Anspruch auf Besitzwahrung
Ein
mächtiges Argument ist der Anspruch auf Besitzwahrung. Es ist
wahr: die Betreuung von Flüchtlingen verschlingt in jedem Fall
Ressourcen, schmälert also zunächst den zu verteilenden
Reichtum. Das Thema ist deshalb sensibel, weil niemand Wert darauf
legt, durch Flüchtlingsbetreuung Verteilungskonflikte zu
bekommen, die den Rahmen wesentlich ausweiten, in dem
Steuergesetzgebung, Arbeitgeber und Gewerkschaften die sich
alljährlich neu stellende Verteilungsfrage lösen und die
sich im Lauf der Jahre in Gesetzesform verfestigt hat. Ich könnte
mir vorstellen, dass die Frage, wer die Lasten tragen soll, sensibler
ist als die Frage, wie hoch die Lasten in absoluten Zahlen sein
dürfen. Die Aufgabe der Flüchtlingsbetreuung aktualisiert
ältere Verteilungskonflikte, die innergesellschaftlich und auf
europäischer Ebene seit langem bestehen rund um die Frage
offener Grenzen für Güter, Kapital und Menschen.
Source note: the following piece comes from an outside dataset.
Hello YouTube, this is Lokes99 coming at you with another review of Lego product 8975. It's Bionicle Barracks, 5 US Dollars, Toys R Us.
Eingespielte Routinen der Eigentumsumverteilung
Politik
geht mit Verteilungskonflikten und nicht nur mit absoluten Kosten-
und Leistungsgrößen um und ist dabei auf Wählerstimmungen,
Kompromisse und Koalitionsbildung angewiesen, die es einer medialen
Dauerbearbeitung unterzieht. Der Handlungsrahmen von Politik ist
zugleich durch die volkswirtschaftliche Leistungsfähigkeit und
durch bestehende Rechtsrahmen beschränkt. Politisch hängt
die Aufnahmefähigkeit Deutschlands für Flüchtlinge, da
sie eine Sache von weit mehr als einer Legislaturperiode ist, stark
von erreichbarer Zustimmung ab. Um sie wird täglich gestritten
und sie ist wohl kaum längerfristig prognostizierbar. Ich vermag
nicht sicher zu unterscheiden, ob hier überhaupt Raum für
so etwas wie Grundwerte bleibt oder ob die Rede davon letztlich nur
Teil der medialen Bearbeitung von Wählerstimmungen ist.
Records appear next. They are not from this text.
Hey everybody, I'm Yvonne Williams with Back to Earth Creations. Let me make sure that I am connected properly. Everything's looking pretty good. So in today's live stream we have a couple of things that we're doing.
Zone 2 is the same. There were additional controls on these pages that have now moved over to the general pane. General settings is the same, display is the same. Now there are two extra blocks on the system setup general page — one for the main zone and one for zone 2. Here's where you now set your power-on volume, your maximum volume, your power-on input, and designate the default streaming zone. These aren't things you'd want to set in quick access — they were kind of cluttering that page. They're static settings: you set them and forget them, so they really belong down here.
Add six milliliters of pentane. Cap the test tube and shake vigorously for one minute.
Systemträgheit im Umgang mit Asylanten
Die
Aufnahmefähigkeit wird weiter begrenzt durch das Maß an
bürokratischen, organisatorischen und rechtlichen Widerständen
und dem sich daraus ergebenden Zeitbedarf, die der
Flüchtlingsaufnahme konkret entgegenstehen, durch die
Systemträgheit des Rechtsstaats. Hier auch nur näherungsweise
zu sagen, welche Wirkungen etwa allfällige Genehmigungsverfahren
auf die Aufnahmefähigkeit Deutschlands für Flüchtlinge
haben, fehlt mir die Fachkenntnis.
Ökonomische Gründe für ein Einwanderungsgesetz
Der
Ruf nach einem neuen Einwanderungsgesetz versucht, so ökonomisch
richtig er in der Sache wohl ist, die Flüchtlingsaufnahme in
eine ökonomische Chance umzumünzen. Weil diese Begründung
rein ökonomisch ist, hat sie mit Fragen der Menschlichkeit und
im Grunde mit der Flüchtlingsfrage selbst nichts zu tun. Ein
Flüchtling und ein Green-Card-Einwanderer haben nichts
miteinander gemein, außer dass beide Ausländer sind. Die
verbindende Assoziation ist ein Ressentiment. Hier Ausländer,
die Geld kosten, dort solche, die Geld bringen. Hier wird von der
Politik eine Größenordnung möglicher Einwanderer um
100.000 pro Jahr angegeben und es scheint bei einer kleiner werdenden
deutschen Bevölkerung nachprüfbare, diskussionsfähige
Argumente für solche Zahlen zu geben.
Verfasstes Asylrecht
Für
das Festhalten am unbedingten Menschenrecht auf Leben in Form des
Asylrechts gibt es nur eine wirklich relevante Zahl, nämlich die
Zahl der Kriegs- und politischen Flüchtlinge weltweit, bzw.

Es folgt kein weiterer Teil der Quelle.